**Records from a collection:**
-*-
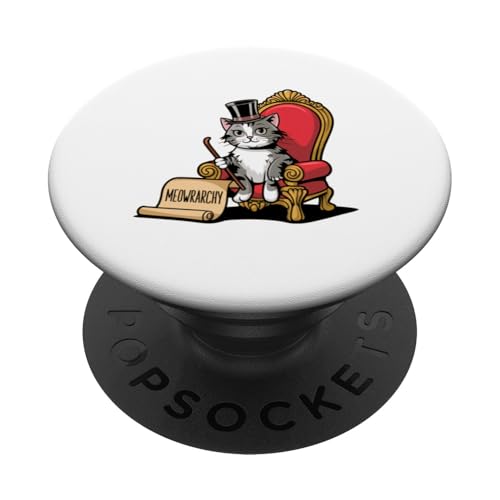 Lustiger Katzenliebhaber, Meowrarchy für Mütter, Väter, verspielte Neuheit PopSockets Klebender PopGrip von Trendy Tamale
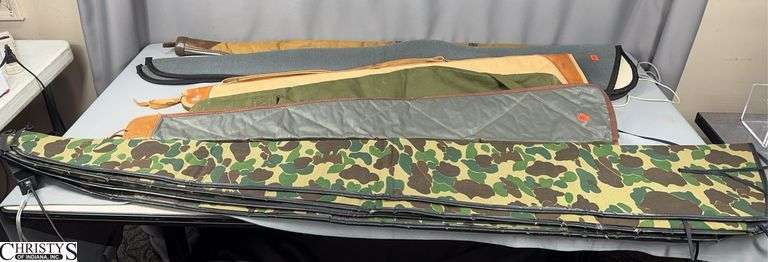 10 Long Gun Bags- 4 Camo Color, 2 Gray Color and Others image
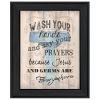 "Bathroom Humor" by Debbie DeWitt, Ready to Hang Framed Print, Black Frame - as Pic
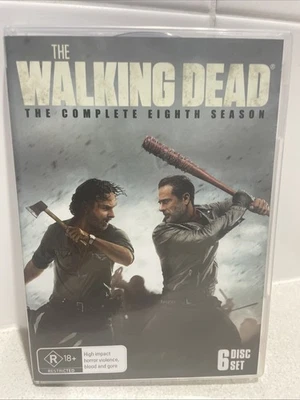 The Walking Dead Season 8 | DVD Set Andrew Lincoln Horror Zombies AMC Reg 4 - image 1 of 4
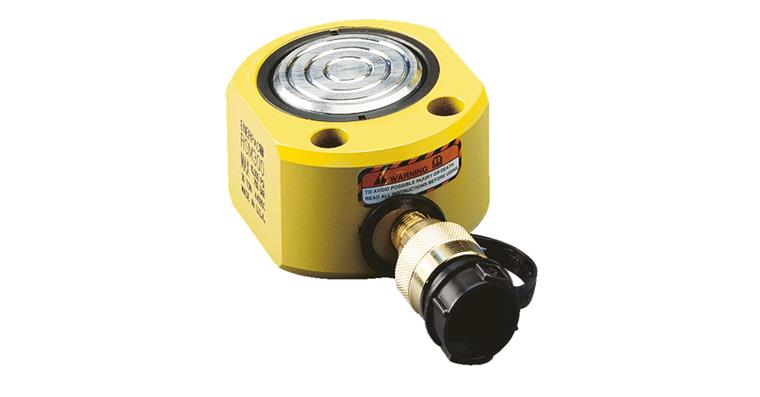 Short-stroke cylinder 45 t single-acting max. 700 bar type RSM-500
-*-
**PROBLEM REQUIREMENTS:**
With the pictures omitted, print each line of the data above precisely as given.

**ANSWER AREA:**
 Lustiger Katzenliebhaber, Meowrarchy für Mütter, Väter, verspielte Neuheit PopSockets Klebender PopGrip von Trendy Tamale
 10 Long Gun Bags- 4 Camo Color, 2 Gray Color and Others image
 "Bathroom Humor" by Debbie DeWitt, Ready to Hang Framed Print, Black Frame - as Pic
 The Walking Dead Season 8 | DVD Set Andrew Lincoln Horror Zombies AMC Reg 4 - image 1 of 4
 Short-stroke cylinder 45 t single-acting max. 700 bar type RSM-500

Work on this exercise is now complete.